Professor Dawn Woodard Aids the Diagnosis of Performance Problems in Large-Scale Distributed Computing Systems

Mark Eisner (ORIE); April 29, 2011

A recent lengthy outage crisis at an Amazon data center in Virginia that provides information processing services for a large number of websites has put a spotlight on the reliability of an approach to service known as "cloud computing."

Amazon, Microsoft, Google and other organizations have pioneered the business of establishing data centers with as many as hundreds of thousands of computer servers that run software for applications such as search, email processing, e-commerce, and data storage for many companies. Such large, distributed computing systems are at the heart of cloud computing, so-called because a cloud symbol is often used in diagrams illustrating the connection of individual computers to the internet. Cloud computing is forecast to become a multi-billion dollar business.

In a recently published paper, ORIE Assistant Professor Dawn Woodard and Moises Goldszmidt of Microsoft Research describe a new method of exploiting statistical techniques to rapidly, accurately and automatically match a currently occurring performance lapse, or "crisis," which in the extreme could lead to an outage, to previous crises whose causes may be known or unknown.

The method can be used as part of a process to chose the optimal intervention (taking into account the uncertainty of the match) thereby minimizing the expected cost of the crisis, a cost which may include payouts to clients for violation of service agreements as well as client dissatisfaction.

The new method is based on measurements ("metrics") that are routinely monitored for each server at a data center. For example, the level of utilization of the server's central processor and memory, the number of emails awaiting filtering for spam, and other key performance indicators are continually tracked and aggregated over short, fixed-length time intervals.

Three metrics, with crisis intervals of types A, B and C highlighted.

When graphed, the median time series of such metrics, taken across all servers, exhibit characteristic behavior in times of crisis, with the pattern of behavior of the collection of metrics differing with different causes. Crisis types may include configuration errors, overloads, spikes in workload, and even disruption in power to the data center, each with different patterns, or 'fingerprints.' Outages from a crisis are typically avoided by fail safe and redundant mechanisms, but even if they are, degraded performance is at best inconvenient and at worst, expensive.

Woodard and Goldszmidt's approach is designed to carry out computations during the time intervals between crises to automatically group past crises into clusters, fully employing an approach known as Bayesian inference. The computation can start with input from human experts. It then applies values of the observed metrics for each crisis in the past to update the estimate of the number of different types, or clusters, into which crises can be gathered and the best cluster to assign to each crisis.

When a new performance lapse is detected (sometimes even before it is technically identified as having started), the values of the metrics associated with it are incorporated into the input data and a new set of clusters is very rapidly and accurately generated, thereby identifying which previous crises the current crisis most resembles. This information can lead to early resolution of the crisis.

To test the value of their method, Woodard and Goldszmidt applied it to data from one of Microsoft's Hosting Services for the first four months of 2008. During that time, twenty-seven performance problems of varying severity occurred. Experts were able to diagnose the causes of most of them. More than 90% of the time the new clustering method determined the correct cluster membership, on average doing so based on the portion of the data available in some cases even before the technical start of the crisis. Moreover the technique identified each recurrent problem in record time.

The method "dramatically outperforms a state-of-the art...clustering method," according to the authors. Beyond speed and accuracy, it has several advantages, including the fact that it does not grow in complexity with the number of servers, as distributed data centers get larger and larger. It can be used to distinguish the system status metrics that are most strongly associated with crises of a particular type, it "learns" a mapping from the metrics to the best intervention, it can forecast the evolution of a crisis as it occurs, and potentially it can be used to model not just the evolution but how the evolution depends on the intervention that is taken.

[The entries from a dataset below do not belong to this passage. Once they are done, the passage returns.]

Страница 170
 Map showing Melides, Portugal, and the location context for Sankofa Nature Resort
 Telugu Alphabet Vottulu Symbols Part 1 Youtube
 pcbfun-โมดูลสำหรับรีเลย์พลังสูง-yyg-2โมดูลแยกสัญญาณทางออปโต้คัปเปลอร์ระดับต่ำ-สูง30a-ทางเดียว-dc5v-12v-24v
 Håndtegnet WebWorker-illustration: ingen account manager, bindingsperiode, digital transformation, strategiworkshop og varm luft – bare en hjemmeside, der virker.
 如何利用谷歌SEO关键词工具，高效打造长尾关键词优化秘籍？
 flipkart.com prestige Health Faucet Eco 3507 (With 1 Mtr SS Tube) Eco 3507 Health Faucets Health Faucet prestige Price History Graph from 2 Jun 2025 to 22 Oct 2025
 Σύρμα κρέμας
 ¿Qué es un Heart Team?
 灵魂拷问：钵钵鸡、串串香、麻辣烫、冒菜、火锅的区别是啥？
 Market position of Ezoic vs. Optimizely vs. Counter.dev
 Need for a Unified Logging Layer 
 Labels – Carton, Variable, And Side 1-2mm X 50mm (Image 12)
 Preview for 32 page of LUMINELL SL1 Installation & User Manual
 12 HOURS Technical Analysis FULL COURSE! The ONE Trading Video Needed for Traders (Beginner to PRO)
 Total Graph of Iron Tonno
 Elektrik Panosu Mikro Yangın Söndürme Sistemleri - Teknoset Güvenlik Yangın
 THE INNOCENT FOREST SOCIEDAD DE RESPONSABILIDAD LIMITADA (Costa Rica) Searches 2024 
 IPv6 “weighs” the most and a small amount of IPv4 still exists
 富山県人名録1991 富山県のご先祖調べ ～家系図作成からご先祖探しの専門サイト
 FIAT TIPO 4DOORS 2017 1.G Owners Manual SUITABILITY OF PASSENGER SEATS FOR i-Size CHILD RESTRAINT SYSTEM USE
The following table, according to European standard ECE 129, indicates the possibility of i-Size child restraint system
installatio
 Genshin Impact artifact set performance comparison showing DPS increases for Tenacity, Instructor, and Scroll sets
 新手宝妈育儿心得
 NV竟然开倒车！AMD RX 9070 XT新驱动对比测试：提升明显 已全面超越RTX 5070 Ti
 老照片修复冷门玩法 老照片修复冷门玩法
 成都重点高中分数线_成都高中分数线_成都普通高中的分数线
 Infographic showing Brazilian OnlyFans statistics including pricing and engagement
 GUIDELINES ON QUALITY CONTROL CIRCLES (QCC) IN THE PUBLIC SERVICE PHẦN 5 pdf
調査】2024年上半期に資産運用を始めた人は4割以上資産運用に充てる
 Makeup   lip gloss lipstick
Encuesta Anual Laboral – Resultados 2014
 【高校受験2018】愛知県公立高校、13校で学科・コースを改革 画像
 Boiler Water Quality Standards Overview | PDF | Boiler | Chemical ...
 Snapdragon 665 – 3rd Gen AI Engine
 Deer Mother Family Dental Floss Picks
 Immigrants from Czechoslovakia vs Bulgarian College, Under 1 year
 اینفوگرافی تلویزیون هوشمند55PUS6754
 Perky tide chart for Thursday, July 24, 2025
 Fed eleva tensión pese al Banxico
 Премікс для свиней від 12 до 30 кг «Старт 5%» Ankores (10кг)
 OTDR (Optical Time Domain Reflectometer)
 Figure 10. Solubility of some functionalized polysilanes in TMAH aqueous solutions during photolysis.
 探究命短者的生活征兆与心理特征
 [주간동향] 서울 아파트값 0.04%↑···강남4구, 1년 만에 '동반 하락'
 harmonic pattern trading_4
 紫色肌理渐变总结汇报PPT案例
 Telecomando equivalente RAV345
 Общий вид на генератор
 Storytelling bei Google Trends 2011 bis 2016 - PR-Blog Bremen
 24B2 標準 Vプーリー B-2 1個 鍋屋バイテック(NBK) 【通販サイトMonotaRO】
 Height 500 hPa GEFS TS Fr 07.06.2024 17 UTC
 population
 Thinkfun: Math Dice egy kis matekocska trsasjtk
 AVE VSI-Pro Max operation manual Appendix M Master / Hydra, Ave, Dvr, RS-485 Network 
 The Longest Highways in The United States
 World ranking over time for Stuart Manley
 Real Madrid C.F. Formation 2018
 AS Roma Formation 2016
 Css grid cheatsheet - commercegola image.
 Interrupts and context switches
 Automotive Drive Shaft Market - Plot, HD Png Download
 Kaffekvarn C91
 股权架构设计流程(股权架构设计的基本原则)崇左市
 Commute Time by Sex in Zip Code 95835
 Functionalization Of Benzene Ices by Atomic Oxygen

Woodard was an intern with Goldszmidt at two different companies: a start up and HP Labs, before and during her Ph.D. studies. "As a statistician, my job is to facilitate applied work by developing and applying sound methods for learning from data," Woodard said. "I work closely with collaborators in applied disciplines in order to contribute to those disciplines, and to keep my work grounded in reality. In the case of this collaboration, Moises is an expert both on distributed computing systems and on statistical methods, which greatly facilitated our project. He had already done a huge amount of analysis of the data, both exploratory and statistical, before we began."

Goldszmidt said "the goals for this technique are to facilitate the job of the data center operators and maximize the availability and reliability of cloud services. Professor Woodard has a unique combination of expertise in both statistics and computer science that moved this research effort to the next level. I am excited to continue our collaboration on this and related topics."